Pope Francis poses for photographs along with Canadian Prime Minister Justin Trudeau and his wife Sophie Gregoire-Trudeau (Getty images)

Canadian Prime Minister Justin Trudeau claims he asked Pope Francis to help Canadians “move forward on a real reconciliation” with the country’s indigenous people “by issuing an apology” on behalf of the Catholic Church for its role in harming their communities.

The prime minister spoke to a handful of reporters in Rome’s Villa Borghese Park May 29 after having had a 36-minute private meeting with Pope Francis at the Vatican.

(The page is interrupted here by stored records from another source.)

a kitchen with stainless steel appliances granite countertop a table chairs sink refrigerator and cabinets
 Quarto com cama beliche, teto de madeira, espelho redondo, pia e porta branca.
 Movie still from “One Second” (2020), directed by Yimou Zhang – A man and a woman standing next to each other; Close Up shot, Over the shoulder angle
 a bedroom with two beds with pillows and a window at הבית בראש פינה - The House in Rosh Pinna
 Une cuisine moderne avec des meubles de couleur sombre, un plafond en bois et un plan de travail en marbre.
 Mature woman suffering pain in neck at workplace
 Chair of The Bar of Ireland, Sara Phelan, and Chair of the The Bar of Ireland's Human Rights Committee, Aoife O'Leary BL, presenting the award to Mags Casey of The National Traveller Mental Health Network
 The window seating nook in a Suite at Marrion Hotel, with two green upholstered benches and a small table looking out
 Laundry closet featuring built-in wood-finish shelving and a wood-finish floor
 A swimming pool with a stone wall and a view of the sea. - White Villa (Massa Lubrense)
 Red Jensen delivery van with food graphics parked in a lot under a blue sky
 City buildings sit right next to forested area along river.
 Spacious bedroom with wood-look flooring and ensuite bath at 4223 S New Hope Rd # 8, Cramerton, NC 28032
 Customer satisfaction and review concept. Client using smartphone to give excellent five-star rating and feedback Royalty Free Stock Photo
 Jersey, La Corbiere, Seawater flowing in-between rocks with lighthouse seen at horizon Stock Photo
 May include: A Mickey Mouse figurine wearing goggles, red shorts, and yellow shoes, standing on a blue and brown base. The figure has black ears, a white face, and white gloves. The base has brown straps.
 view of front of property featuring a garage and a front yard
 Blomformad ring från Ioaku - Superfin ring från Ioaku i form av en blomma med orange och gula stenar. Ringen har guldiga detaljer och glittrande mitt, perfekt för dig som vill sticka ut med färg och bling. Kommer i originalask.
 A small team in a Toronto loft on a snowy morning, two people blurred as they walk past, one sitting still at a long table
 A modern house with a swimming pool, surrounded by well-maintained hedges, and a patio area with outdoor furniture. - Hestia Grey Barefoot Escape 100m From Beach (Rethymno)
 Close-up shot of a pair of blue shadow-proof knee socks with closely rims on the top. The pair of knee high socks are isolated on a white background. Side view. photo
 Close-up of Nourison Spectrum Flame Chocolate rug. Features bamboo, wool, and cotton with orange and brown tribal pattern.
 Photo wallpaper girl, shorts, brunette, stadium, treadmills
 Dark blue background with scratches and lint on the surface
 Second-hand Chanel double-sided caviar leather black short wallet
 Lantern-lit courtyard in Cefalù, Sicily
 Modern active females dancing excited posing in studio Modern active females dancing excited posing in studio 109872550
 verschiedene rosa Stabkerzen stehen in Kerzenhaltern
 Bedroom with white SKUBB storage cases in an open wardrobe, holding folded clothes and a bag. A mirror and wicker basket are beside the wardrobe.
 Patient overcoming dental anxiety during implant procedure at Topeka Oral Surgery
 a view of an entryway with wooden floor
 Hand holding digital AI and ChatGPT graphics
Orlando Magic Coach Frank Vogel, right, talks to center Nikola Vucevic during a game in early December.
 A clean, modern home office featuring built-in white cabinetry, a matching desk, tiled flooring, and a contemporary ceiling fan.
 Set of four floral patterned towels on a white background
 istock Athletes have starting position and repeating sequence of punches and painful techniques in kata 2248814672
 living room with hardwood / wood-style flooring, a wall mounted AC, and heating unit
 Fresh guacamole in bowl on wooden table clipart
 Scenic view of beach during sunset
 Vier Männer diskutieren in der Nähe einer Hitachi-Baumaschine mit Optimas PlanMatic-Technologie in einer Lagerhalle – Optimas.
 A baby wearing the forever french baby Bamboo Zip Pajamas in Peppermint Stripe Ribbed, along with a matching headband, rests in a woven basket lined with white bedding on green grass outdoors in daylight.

“He reminded me that his entire life has been dedicated to supporting marginalised people in the world, fighting for them,” the prime minister said, adding the Pope said that “he looked forward to working with me and with the Canadian bishops to figure out a path forward together.”

The 2015 report of Canada’s Truth and Reconciliation Commission, which focused on past treatment of the indigenous communities, included a recommendation that the Pope come to Canada to apologise on behalf of the Catholic Church for its participation in the residential schools for indigenous children.

While the idea behind the schools was to promote the greater integration of indigenous communities into modern Canadian life, the schools — many run by Catholic religious orders — led to a situation in which many children were separated from their families, lost their native language and cultures and occasionally suffered abuse.

Trudeau told reporters he invited the pope to go to Canada “in the coming years,” but added no further details about such a trip.

The Vatican meeting, Trudeau said, was an opportunity to have “a deeply personal and wide-ranging, thoughtful conversation with the leader of my own faith.”

For its part, the Vatican issued a statement saying that the prime minister’s meetings with the pope and with Cardinal Pietro Parolin, Vatican secretary of state, included “the themes of integration and reconciliation, as well as religious freedom and current ethical issues.”